Napoli milionaria! è una storia di poveri che fanno i soldi con la borsa nera: prima (primo atto) in tempo di guerra quando l'Italia fascista, guappo di cartone dell'Europa, comincia a pigliare mazzate su tutti i fronti, poi (secondo atto) durante la pace promiscua dell'occupazione angloamericana. Amalia Jovine (Titina) possiede cattiveria, autocontrollo e velocità che le permettono di moltiplicare le furbizie, le merci e il guadagno; sta sempre un passo avanti a fomentare quello che dovrà succedere. Suo marito Gennaro (Eduardo), che è calmo, volenteroso e onesto, si trova sempre in ritardo: rincorre, cerca di capire, di raccogliere, di tenere assieme, di riparare. È lui che si stende a fare il morto sopra il letto che copre il contrabbando, quando arriva la perquisizione dei carabinieri: ha paura ma non si muove neanche durante il bombardamento a tappeto, e il brigadiere che aveva capito il gioco lo premia andando via senza sequestrare niente e senza arrestare nessuno.

Ma questa è la farsa del primo atto: è ancora il vecchio teatro dei fratelli De Filippo; nel riprendere Napoli milionaria! a Roma, il nuovo Eduardo si rivolgerà al pubblico spiegandogli che tutto il suo teatro precedente è teatro dell'Ottocento e non si può più rappresentare: «Il secolo nuovo, per Napoli, comincia con l'arrivo degli Alleati. La guerra, io penso, ha fatto passare cent'anni». Le prime parole che Gennaro dirà ad Amalia, rientrando dalla prigionia in Germania a secondo atto inoltrato, saranno: «Nu seculo, Amà... Nu seculo...».

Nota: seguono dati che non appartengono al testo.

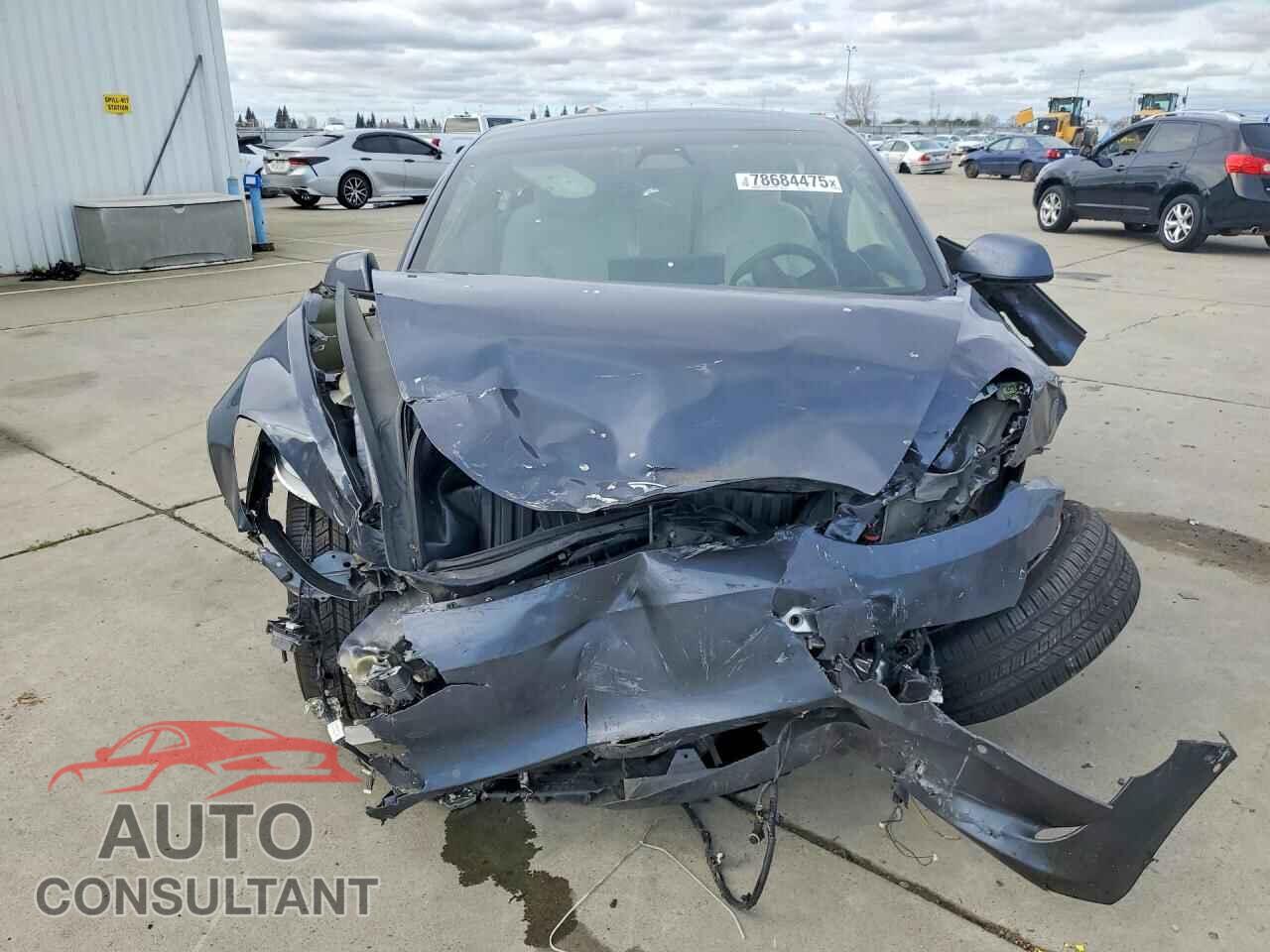 TESLA MODEL 3 2021 - 5YJ3E1EC2MF090153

Al Parco Grifeo, Eduardo aveva eseguito una lettura privata della commedia a un suo amico e vicino di casa, il pittore Paolo Ricci, militante comunista; alla fine Ricci gli contestò la battuta conclusiva «Adda passà 'a nuttata» che gli suonava qualunquista e rinunciataria. Eduardo non la cambiò. La mattina del 25 marzo 1945 il San Carlo era strapieno. Era presente tutto lo stato maggiore del Pci campano: Giorgio Amendola, Mario Alicata, Paolo Ricci, Maurizio Valenzi, e i giovanissimi Gerardo Chiaromonte e Giorgio Napolitano. Eduardo affida a Enzo Biagi il suo ricordo: «I professori dell'orchestra, per assistere allo spettacolo, si erano infilati nel golfo mistico. "Vedrete che ci diffamerà", pensava qualcuno allarmato dal titolo (...) Arrivai al terzo atto con sgomento. Recitavo e sentivo attorno a me un silenzio assoluto, terribile.